The UK’s exit from the European Union put the nation in a “unique” situation not confronting other countries, Wood said, noting Britons’ expectations of high inflation had begun to emerge after the 2016 referendum.  

“I am increasingly concerned that the UK, unlike other countries, has an inflation problem,” said Wood at a BofA media round-table event. “Expectations appeared to rise consistently post Brexit referendum. It was a first sign that there was a brewing problem.”

Wood expects the Bank of England to raise its key rate 25 basis points in both February and March. A 50 basis-point rise could still be on the cards for next month’s meeting if inflation remains higher than expected in tomorrow’s data.

He anticipates two rate cuts next year, assuming unemployment rises to 4.5% in 2023 and the cost-of-living crisis wanes in the second half of the year.

Several policymakers on the Bank of England’s Monetary Policy Committee share Wood’s concern that inflation expectations are becoming embedded. Last week, Catherine Mann said underlying inflationary forces in the UK still look “pretty robust.”

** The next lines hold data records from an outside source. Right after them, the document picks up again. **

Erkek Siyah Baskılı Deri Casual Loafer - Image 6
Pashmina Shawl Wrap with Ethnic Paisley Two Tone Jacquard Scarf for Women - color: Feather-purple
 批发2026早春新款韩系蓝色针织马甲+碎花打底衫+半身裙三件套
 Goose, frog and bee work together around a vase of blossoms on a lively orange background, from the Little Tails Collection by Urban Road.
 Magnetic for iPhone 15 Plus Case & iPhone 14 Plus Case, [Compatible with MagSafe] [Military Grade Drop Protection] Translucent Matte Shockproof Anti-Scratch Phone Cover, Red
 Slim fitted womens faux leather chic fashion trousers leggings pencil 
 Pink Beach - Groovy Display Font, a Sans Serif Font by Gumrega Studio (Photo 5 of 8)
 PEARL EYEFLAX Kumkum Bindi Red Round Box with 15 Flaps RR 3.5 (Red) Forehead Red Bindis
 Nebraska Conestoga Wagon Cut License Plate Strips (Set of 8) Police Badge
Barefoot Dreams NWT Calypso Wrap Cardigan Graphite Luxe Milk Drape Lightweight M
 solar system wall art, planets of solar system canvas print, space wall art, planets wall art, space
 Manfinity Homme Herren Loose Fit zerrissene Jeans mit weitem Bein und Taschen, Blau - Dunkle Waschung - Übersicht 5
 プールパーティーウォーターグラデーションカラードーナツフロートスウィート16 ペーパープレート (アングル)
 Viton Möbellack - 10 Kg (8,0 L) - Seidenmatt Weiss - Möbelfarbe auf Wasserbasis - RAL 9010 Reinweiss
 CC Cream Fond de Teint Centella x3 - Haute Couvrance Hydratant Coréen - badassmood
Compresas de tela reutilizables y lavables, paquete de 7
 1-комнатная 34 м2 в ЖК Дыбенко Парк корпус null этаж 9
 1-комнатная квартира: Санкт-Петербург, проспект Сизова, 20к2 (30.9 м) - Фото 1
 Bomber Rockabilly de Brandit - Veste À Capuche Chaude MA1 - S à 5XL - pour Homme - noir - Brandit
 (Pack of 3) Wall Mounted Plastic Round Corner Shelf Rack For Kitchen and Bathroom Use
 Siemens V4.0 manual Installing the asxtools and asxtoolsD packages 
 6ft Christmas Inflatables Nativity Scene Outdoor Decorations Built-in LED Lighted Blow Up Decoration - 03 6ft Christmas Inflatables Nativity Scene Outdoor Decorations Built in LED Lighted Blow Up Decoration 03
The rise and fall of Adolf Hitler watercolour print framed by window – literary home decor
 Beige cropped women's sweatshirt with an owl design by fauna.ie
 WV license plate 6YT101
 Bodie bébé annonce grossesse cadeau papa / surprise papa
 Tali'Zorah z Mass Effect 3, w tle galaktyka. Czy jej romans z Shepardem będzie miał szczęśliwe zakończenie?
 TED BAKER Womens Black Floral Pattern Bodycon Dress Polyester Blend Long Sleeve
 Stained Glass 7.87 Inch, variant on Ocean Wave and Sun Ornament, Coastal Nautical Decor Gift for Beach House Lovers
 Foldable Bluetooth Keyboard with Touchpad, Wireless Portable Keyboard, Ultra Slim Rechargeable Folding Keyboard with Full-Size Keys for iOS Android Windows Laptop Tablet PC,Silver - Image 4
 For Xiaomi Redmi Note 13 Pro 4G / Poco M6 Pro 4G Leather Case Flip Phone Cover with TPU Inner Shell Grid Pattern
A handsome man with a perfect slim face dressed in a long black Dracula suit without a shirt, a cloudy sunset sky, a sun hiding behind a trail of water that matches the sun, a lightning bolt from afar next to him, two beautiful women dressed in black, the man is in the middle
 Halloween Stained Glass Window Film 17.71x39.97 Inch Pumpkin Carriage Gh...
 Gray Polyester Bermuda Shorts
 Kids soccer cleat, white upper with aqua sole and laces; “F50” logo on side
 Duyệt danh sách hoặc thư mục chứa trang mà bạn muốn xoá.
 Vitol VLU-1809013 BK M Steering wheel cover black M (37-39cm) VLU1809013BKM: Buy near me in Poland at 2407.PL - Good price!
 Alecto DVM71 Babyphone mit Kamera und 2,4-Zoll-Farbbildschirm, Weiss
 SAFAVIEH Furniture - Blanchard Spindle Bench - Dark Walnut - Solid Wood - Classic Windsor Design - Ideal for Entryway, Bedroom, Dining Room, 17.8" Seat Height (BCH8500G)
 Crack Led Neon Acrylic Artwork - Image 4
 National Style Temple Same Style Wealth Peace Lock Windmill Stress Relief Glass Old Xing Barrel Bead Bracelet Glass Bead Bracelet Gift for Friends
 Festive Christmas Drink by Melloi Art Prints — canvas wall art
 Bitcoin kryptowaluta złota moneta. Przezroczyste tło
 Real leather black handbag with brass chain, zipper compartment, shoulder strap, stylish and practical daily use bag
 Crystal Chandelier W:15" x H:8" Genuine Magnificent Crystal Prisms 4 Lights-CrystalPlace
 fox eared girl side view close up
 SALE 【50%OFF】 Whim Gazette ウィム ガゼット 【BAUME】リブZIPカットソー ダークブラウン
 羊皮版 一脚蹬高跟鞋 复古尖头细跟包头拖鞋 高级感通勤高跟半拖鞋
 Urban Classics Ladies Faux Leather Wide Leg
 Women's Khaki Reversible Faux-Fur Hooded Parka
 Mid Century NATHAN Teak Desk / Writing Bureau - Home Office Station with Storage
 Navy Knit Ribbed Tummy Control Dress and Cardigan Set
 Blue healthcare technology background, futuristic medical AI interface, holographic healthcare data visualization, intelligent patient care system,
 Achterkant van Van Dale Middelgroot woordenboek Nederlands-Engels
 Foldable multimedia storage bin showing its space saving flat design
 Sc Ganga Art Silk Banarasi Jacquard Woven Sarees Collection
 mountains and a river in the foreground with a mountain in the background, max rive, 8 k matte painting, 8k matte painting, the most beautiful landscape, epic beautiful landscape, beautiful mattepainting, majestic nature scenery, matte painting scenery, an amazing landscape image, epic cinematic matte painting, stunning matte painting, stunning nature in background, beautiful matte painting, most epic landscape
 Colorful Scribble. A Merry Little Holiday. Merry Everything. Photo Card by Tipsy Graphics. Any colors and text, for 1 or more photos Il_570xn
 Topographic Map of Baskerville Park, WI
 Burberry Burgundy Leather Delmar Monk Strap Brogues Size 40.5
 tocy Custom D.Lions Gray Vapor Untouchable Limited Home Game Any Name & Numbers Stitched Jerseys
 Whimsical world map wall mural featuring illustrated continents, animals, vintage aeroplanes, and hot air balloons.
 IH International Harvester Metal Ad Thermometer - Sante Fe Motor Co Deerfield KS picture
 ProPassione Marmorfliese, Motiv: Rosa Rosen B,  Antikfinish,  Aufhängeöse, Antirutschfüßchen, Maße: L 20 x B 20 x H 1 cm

“Getting inflation expectations under control, keeping them under control, is important,” she said.

While inflation in the US has been spurred on by a tight labor market, and in the eurozone has been fanned by soaring energy prices, the UK has found itself caught in both trends.

December’s inflation reading for the UK, due Wednesday, is expected to show CPI falling to 10.5% in December from November’s 10.7%. That’s down from a 11.1% in October, a four-decade high.